- ASSIGNMENT: Extract from the entries below, exactly as given, only the lines from the line containing "1 Pack Mesh" to the line containing "Dextera hoop earrings, Small, White, Gold-tone", both lines included.

- EXERCISE MATERIAL:
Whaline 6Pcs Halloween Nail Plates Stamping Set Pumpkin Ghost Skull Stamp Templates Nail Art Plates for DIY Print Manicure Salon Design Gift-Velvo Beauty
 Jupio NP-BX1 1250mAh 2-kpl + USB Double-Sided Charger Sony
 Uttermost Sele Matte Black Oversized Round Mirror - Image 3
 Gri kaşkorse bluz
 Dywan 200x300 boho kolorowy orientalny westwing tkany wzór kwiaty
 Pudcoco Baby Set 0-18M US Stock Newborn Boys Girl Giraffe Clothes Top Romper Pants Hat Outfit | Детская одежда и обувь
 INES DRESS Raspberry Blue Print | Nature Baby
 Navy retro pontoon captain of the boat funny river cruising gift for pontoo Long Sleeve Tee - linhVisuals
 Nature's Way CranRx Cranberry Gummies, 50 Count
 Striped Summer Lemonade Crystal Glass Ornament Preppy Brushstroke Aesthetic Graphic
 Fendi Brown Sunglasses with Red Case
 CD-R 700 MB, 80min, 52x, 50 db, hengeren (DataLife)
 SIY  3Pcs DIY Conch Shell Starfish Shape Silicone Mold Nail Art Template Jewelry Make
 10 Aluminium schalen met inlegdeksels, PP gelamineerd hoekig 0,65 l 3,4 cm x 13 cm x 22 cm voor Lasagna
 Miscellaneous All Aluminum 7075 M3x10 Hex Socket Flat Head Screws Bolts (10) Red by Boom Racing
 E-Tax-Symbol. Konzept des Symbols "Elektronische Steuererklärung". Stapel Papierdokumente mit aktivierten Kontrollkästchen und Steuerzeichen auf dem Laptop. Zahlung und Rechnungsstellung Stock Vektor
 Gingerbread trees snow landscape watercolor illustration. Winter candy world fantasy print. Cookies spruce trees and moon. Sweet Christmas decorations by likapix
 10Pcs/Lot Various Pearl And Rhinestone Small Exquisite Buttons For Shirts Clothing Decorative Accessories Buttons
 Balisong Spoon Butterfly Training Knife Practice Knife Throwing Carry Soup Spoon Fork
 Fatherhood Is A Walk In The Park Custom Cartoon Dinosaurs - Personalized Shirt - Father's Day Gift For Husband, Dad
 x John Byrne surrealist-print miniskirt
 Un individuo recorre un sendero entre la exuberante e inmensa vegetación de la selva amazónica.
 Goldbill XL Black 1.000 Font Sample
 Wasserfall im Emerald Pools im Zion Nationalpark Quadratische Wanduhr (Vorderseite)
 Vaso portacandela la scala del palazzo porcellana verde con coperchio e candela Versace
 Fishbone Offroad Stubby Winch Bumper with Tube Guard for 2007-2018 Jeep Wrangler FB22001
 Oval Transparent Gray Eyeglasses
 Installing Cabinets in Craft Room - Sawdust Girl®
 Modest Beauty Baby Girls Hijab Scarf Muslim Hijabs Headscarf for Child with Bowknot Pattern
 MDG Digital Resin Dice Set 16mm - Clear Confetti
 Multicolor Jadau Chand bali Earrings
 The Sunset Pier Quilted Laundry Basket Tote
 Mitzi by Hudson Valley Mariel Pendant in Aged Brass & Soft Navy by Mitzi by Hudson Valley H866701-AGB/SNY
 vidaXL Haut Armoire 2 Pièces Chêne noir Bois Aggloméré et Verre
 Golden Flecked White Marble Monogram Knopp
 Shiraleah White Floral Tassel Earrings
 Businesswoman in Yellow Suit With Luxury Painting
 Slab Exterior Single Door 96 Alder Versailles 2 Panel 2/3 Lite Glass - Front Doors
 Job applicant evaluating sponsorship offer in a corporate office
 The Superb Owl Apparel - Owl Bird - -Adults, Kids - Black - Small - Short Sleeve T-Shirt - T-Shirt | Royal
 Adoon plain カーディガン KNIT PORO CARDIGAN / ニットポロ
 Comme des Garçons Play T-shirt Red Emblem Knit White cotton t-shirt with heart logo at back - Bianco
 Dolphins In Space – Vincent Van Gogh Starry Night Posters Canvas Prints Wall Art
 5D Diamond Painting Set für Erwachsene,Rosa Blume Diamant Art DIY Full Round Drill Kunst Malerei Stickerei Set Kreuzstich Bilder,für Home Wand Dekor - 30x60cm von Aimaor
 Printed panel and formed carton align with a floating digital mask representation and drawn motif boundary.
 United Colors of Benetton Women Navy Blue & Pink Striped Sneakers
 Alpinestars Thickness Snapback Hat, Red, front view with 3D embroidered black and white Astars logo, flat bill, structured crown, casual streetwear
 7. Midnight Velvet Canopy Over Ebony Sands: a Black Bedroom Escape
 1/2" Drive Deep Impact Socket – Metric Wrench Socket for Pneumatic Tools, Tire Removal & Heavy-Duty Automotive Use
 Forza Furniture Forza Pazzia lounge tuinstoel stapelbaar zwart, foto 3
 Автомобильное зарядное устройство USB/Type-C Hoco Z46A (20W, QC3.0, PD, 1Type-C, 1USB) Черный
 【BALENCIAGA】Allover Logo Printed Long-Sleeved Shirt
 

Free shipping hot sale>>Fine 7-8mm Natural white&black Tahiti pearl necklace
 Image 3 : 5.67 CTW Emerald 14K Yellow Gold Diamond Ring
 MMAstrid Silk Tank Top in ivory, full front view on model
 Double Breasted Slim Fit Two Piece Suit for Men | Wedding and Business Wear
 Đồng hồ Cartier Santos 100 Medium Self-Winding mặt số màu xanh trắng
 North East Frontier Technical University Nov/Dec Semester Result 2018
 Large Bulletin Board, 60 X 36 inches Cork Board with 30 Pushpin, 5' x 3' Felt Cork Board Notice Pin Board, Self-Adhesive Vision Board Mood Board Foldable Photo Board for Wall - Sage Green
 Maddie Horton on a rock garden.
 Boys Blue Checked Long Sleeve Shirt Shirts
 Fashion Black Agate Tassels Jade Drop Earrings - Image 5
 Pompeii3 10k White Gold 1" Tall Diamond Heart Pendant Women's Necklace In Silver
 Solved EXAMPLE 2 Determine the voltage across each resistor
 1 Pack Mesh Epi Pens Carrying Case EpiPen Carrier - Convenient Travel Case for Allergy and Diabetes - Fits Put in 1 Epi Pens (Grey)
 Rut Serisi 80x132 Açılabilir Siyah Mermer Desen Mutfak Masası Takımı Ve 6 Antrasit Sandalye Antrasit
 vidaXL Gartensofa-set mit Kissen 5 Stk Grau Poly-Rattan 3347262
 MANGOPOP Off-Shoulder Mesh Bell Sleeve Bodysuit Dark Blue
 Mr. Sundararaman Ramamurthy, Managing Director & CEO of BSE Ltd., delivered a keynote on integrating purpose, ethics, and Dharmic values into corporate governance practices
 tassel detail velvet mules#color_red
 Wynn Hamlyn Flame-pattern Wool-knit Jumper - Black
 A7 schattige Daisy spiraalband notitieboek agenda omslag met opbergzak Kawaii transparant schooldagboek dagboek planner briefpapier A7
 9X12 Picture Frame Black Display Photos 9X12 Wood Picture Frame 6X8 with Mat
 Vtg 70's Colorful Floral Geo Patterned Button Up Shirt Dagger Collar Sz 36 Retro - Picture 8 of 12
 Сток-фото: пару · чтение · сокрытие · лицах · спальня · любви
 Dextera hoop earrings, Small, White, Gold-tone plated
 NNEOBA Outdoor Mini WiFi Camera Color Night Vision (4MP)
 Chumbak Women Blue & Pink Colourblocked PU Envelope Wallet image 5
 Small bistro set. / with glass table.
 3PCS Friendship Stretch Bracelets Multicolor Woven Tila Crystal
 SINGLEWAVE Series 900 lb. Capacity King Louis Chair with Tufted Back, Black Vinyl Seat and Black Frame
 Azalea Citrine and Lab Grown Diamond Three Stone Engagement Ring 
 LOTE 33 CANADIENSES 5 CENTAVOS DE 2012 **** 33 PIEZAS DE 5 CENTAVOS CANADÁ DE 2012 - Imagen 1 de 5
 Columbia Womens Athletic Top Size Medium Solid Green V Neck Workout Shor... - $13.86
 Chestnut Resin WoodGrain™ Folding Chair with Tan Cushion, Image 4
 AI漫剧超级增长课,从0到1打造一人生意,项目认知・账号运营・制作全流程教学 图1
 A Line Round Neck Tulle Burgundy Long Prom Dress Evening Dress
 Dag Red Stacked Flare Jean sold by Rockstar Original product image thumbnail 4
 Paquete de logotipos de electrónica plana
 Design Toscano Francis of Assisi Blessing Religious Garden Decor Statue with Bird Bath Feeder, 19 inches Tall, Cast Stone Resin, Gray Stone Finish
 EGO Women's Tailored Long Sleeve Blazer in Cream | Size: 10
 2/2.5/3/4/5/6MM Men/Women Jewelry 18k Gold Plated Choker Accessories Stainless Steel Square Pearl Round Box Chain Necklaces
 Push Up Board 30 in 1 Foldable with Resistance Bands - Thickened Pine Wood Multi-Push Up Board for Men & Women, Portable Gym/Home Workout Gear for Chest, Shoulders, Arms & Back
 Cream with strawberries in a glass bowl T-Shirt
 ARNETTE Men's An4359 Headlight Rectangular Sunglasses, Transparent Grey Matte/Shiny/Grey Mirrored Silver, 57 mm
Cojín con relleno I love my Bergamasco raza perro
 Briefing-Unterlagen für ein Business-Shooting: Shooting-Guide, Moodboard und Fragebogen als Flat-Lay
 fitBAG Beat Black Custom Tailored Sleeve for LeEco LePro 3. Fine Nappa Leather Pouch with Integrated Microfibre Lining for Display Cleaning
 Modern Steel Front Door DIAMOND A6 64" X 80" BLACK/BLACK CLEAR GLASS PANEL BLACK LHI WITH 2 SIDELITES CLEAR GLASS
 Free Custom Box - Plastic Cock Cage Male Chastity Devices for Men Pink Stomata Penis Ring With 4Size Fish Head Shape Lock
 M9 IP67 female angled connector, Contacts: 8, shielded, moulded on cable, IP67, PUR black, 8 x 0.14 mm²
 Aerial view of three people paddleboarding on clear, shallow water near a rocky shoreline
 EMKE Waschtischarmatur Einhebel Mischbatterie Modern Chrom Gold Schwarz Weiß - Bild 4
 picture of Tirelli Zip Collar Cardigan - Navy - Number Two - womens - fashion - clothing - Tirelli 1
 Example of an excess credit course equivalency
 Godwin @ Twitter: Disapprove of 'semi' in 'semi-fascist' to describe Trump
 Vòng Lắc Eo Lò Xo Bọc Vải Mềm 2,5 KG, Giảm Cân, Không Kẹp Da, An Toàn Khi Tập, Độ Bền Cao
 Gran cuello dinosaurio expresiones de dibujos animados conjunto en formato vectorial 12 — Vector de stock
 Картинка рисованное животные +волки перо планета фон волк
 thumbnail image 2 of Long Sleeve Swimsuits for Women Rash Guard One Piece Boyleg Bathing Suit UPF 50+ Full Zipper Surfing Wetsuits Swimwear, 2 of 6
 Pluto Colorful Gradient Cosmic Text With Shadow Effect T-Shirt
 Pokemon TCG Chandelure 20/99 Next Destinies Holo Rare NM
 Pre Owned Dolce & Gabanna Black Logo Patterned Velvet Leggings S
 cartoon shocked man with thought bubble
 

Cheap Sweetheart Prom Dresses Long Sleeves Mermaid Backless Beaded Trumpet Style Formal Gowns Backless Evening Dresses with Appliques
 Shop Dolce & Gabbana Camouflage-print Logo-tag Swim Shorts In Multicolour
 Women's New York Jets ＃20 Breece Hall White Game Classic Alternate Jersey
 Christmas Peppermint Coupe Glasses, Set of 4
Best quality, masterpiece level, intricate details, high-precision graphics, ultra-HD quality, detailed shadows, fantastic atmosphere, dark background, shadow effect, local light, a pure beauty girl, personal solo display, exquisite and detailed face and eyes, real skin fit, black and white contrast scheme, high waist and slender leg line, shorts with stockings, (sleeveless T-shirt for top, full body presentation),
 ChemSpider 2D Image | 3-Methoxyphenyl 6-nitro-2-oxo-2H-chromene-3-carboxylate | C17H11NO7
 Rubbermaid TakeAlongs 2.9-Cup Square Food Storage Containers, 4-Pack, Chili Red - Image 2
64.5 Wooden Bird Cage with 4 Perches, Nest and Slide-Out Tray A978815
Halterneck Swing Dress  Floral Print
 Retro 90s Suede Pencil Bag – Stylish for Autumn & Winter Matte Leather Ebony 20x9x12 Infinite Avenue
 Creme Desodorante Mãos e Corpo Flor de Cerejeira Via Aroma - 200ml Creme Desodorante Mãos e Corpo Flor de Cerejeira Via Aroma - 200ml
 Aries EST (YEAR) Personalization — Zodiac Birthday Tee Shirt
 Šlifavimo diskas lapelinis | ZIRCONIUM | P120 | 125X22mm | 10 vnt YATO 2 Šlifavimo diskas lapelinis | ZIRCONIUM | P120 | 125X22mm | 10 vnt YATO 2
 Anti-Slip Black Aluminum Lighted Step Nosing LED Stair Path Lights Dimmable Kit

- EXERCISE RESPONSE:
 1 Pack Mesh Epi Pens Carrying Case EpiPen Carrier - Convenient Travel Case for Allergy and Diabetes - Fits Put in 1 Epi Pens (Grey)
 Rut Serisi 80x132 Açılabilir Siyah Mermer Desen Mutfak Masası Takımı Ve 6 Antrasit Sandalye Antrasit
 vidaXL Gartensofa-set mit Kissen 5 Stk Grau Poly-Rattan 3347262
 MANGOPOP Off-Shoulder Mesh Bell Sleeve Bodysuit Dark Blue
 Mr. Sundararaman Ramamurthy, Managing Director & CEO of BSE Ltd., delivered a keynote on integrating purpose, ethics, and Dharmic values into corporate governance practices
 tassel detail velvet mules#color_red
 Wynn Hamlyn Flame-pattern Wool-knit Jumper - Black
 A7 schattige Daisy spiraalband notitieboek agenda omslag met opbergzak Kawaii transparant schooldagboek dagboek planner briefpapier A7
 9X12 Picture Frame Black Display Photos 9X12 Wood Picture Frame 6X8 with Mat
 Vtg 70's Colorful Floral Geo Patterned Button Up Shirt Dagger Collar Sz 36 Retro - Picture 8 of 12
 Сток-фото: пару · чтение · сокрытие · лицах · спальня · любви
 Dextera hoop earrings, Small, White, Gold-tone plated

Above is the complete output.